→ TASK REQUIREMENTS: Repeat each record below exactly as given.

Dataset excerpts
□ □ □

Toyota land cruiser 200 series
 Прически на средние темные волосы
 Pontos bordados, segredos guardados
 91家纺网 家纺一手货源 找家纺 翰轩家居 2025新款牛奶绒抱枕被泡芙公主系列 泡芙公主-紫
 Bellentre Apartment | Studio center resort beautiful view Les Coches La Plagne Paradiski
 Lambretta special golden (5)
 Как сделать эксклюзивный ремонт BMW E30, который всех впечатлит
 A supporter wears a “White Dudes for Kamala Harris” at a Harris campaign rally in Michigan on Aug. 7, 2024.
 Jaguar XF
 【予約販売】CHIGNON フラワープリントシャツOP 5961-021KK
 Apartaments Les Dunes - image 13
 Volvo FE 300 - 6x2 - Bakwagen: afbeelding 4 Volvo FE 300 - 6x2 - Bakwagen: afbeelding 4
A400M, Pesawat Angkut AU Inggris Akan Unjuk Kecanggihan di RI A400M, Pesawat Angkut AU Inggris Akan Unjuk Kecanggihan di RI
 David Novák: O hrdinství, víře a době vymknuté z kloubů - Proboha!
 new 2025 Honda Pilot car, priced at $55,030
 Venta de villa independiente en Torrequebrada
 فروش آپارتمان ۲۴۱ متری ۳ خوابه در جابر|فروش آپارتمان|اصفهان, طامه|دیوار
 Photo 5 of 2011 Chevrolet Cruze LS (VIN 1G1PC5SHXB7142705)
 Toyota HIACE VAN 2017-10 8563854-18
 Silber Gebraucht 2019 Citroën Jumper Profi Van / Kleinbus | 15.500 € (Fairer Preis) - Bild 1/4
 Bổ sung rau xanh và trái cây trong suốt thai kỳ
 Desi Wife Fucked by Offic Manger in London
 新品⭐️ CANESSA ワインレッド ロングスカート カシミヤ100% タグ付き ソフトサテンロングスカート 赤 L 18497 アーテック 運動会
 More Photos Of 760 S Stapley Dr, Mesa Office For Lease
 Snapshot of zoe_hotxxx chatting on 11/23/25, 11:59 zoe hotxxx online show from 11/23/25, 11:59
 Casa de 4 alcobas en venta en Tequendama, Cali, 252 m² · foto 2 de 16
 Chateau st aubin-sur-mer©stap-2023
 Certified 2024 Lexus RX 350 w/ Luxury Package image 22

□ □ □

→ ANSWER TO THE PROBLEM:
Toyota land cruiser 200 series
 Прически на средние темные волосы
 Pontos bordados, segredos guardados
 91家纺网 家纺一手货源 找家纺 翰轩家居 2025新款牛奶绒抱枕被泡芙公主系列 泡芙公主-紫
 Bellentre Apartment | Studio center resort beautiful view Les Coches La Plagne Paradiski
 Lambretta special golden (5)
 Как сделать эксклюзивный ремонт BMW E30, который всех впечатлит
 A supporter wears a “White Dudes for Kamala Harris” at a Harris campaign rally in Michigan on Aug. 7, 2024.
 Jaguar XF
 【予約販売】CHIGNON フラワープリントシャツOP 5961-021KK
 Apartaments Les Dunes - image 13
 Volvo FE 300 - 6x2 - Bakwagen: afbeelding 4 Volvo FE 300 - 6x2 - Bakwagen: afbeelding 4
A400M, Pesawat Angkut AU Inggris Akan Unjuk Kecanggihan di RI A400M, Pesawat Angkut AU Inggris Akan Unjuk Kecanggihan di RI
 David Novák: O hrdinství, víře a době vymknuté z kloubů - Proboha!
 new 2025 Honda Pilot car, priced at $55,030
 Venta de villa independiente en Torrequebrada
 فروش آپارتمان ۲۴۱ متری ۳ خوابه در جابر|فروش آپارتمان|اصفهان, طامه|دیوار
 Photo 5 of 2011 Chevrolet Cruze LS (VIN 1G1PC5SHXB7142705)
 Toyota HIACE VAN 2017-10 8563854-18
 Silber Gebraucht 2019 Citroën Jumper Profi Van / Kleinbus | 15.500 € (Fairer Preis) - Bild 1/4
 Bổ sung rau xanh và trái cây trong suốt thai kỳ
 Desi Wife Fucked by Offic Manger in London
 新品⭐️ CANESSA ワインレッド ロングスカート カシミヤ100% タグ付き ソフトサテンロングスカート 赤 L 18497 アーテック 運動会
 More Photos Of 760 S Stapley Dr, Mesa Office For Lease
 Snapshot of zoe_hotxxx chatting on 11/23/25, 11:59 zoe hotxxx online show from 11/23/25, 11:59
 Casa de 4 alcobas en venta en Tequendama, Cali, 252 m² · foto 2 de 16
 Chateau st aubin-sur-mer©stap-2023
 Certified 2024 Lexus RX 350 w/ Luxury Package image 22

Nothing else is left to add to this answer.